Andrew Flintoff climbed off the canvas to record a points win on his heavyweight boxing debut against Richard Dawson lqst night.
The former England and Lancashire cricket star was afforded a hero’s welcome at the Manchester Arena but, after taking the first of four two-minute rounds, he was sent tumbling to the canvas by a counter left from his American foe early in the second.
However, Dawson’s inferior conditioning prevented him from mounting a sustained assault and Flintoff showed impressive composure to take the contest 39-38 on referee Phil Edwards’ scorecard – something of an anomaly given the round two should have been award to Dawson 10-8 by virtue of the knockdown.
A lengthy and painstaking training process under the expert guidance of former WBA featherweight champion Barry McGuigan and his son, highly-regarded trainer Shane, was undertaken by Flintoff to whip himself into fighting shape.
The 34-year-old’s progress was charted in a Sky television documentary where, although his commitment and dedication to achieving prime physical condition was clearly evident, doubts were sown among a number of seasoned observers regarding the former all-rounder’s technical boxing skills.
More than three years on from his last outing as a professional sportsman - helping England regain the Ashes from Australia at The Oval in 2009 while battling a knee injury that would ultimately curtail his career – Flintoff entered the ring wearing his old Lancashire Lightning one-day top, having tipped the scales at a trim 15st 6oz.
That gave the rotund Dawson a near two-stone weight advantage despite giving away five inches in height to the 6ft 4ins Flintoff.
At yesterday’s final press conference, Dawson, who won both his previous bouts, spoke of his troubled upbringing which featured a three-month spell in prison for aggravated assault and battery and derided cricket as a “sissy” sport, but he certainly felt his opponent’s power in the opener.
After confidently mugging to the crowd with arms aloft – a pose that became iconic during his triumphant moments wearing the Three Lions, Flintoff moved swiftly to control the centre of the ring, with his right hand held high protecting his chin from Dawson attacks which were not forthcoming.
Stalking behind the jab, Flintoff brought his right into play over the top and, despite the ungainly appearance of the shots, Dawson was briefly troubled on the ropes.
Over-exuberance was the debutant’s undoing in the second round when he rushed in to be sent to the canvas by a chopping Dawson left.
McGuigan senior cut a highly-animated figure at ringside, but Flintoff recovered control by the end of the session and Dawson again staggered into the ropes during round three – as much a result of shoddy physical state as the right hands he was taking.
Dawson belatedly brought the jab into play as the third stanza drew to a close but, when the final round began with the fight in the balance, he wore a precise right uppercut that stood as Flintoff’s best shot of the contest.
The Oklahoma native then sought refuge on the ropes and in clinches as Flintoff closed out victory amid rapturous scenes.
Flintoff was thrilled to have made a winning return to the limelight.
“You mention the Ashes at international level, but as a personal achievement I think this is the best,” he said on Box Nation. “It’s something that isn’t natural to me.
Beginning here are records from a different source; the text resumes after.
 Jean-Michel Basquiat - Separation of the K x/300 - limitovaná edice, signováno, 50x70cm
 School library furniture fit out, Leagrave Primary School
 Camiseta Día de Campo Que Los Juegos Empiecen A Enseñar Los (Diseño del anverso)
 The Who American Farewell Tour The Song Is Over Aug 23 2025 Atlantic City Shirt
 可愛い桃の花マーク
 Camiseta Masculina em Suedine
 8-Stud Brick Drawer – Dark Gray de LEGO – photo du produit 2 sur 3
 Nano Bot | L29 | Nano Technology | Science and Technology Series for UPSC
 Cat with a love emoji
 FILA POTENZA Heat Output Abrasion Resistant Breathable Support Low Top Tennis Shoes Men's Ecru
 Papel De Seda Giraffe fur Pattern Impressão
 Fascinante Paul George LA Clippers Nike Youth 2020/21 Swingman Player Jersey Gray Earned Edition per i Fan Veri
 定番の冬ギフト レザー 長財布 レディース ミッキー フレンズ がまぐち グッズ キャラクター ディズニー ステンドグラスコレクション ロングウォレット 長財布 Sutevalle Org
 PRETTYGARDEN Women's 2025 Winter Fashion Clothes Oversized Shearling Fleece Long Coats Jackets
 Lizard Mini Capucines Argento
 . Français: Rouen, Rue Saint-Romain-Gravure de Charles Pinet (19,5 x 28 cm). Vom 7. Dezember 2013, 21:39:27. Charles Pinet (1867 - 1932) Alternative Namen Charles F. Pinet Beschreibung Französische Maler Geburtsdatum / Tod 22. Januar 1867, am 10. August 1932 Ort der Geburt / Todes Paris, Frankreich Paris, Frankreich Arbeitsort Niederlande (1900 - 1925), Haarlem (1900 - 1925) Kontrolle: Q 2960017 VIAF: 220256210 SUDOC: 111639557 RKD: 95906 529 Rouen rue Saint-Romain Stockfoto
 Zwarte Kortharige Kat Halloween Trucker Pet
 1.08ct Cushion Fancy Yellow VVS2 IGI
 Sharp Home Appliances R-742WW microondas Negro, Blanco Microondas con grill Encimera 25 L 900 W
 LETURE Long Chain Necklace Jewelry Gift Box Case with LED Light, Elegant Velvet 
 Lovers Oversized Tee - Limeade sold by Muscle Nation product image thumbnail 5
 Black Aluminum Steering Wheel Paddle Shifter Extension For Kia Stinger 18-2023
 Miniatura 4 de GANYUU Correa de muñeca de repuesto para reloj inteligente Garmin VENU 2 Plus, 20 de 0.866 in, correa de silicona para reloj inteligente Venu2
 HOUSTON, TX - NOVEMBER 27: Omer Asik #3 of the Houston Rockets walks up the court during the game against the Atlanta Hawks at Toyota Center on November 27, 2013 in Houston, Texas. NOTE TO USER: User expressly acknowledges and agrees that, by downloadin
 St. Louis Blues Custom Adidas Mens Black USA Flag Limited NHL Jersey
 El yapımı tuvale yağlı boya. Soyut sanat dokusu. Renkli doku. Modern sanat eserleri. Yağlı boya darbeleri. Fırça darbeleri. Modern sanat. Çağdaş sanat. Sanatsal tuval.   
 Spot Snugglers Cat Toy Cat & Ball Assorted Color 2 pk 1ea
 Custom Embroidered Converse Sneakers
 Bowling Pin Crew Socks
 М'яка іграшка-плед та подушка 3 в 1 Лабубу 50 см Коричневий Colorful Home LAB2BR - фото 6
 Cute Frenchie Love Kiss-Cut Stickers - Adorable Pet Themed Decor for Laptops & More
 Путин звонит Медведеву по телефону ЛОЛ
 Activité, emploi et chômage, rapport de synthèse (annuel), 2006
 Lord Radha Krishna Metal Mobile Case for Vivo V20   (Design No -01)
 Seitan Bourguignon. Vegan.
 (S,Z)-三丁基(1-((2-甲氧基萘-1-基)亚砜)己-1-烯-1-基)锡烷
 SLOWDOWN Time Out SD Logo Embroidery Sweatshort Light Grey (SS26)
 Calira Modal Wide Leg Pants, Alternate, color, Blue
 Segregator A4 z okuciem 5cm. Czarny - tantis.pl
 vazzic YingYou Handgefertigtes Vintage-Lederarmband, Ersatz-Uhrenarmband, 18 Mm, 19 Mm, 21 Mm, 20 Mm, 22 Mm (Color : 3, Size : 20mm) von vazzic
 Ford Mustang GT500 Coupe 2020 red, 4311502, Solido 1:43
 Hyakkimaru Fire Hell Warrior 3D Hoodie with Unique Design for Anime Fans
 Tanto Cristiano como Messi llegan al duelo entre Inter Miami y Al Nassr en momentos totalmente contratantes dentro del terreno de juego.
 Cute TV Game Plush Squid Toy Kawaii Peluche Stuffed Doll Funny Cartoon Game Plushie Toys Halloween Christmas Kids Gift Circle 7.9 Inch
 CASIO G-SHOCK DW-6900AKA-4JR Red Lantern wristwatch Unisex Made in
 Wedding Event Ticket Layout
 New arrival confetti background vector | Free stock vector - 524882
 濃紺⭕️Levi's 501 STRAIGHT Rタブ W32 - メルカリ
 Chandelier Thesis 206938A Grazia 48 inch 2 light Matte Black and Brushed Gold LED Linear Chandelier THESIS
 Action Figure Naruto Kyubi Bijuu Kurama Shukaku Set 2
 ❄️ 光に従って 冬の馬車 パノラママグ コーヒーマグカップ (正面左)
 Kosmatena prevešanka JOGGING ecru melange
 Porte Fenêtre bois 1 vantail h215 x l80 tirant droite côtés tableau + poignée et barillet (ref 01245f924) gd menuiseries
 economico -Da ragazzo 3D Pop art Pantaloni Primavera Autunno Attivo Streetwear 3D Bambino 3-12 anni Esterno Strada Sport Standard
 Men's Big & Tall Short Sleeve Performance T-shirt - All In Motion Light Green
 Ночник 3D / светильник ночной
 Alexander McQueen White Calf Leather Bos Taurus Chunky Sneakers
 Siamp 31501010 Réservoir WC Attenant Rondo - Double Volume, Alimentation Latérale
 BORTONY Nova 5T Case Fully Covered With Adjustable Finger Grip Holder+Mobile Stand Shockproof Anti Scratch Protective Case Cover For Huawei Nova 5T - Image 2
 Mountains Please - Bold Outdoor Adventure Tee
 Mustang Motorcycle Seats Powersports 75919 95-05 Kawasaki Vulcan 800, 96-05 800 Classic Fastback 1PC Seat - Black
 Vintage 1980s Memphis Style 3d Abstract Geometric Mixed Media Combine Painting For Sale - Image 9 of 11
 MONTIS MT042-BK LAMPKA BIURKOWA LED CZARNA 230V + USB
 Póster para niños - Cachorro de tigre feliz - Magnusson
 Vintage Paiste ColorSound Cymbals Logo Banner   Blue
I’ve had to work hard.”
The 34-year-old, who has been training for four and a half months with former world featherweight champion Barry McGuigan and his son Shane, added: “The feeling of being back in front of a crowd and winning at the end – I can’t describe it. It’s down to these guys (Barry and Shane McGuigan).
“I wanted to experience it. The people around Manchester, and the county, supported me so well playing cricket. It was a no-brainer to have it up here.
“The crowd made a massive difference. It’s been amazing – humbling, really.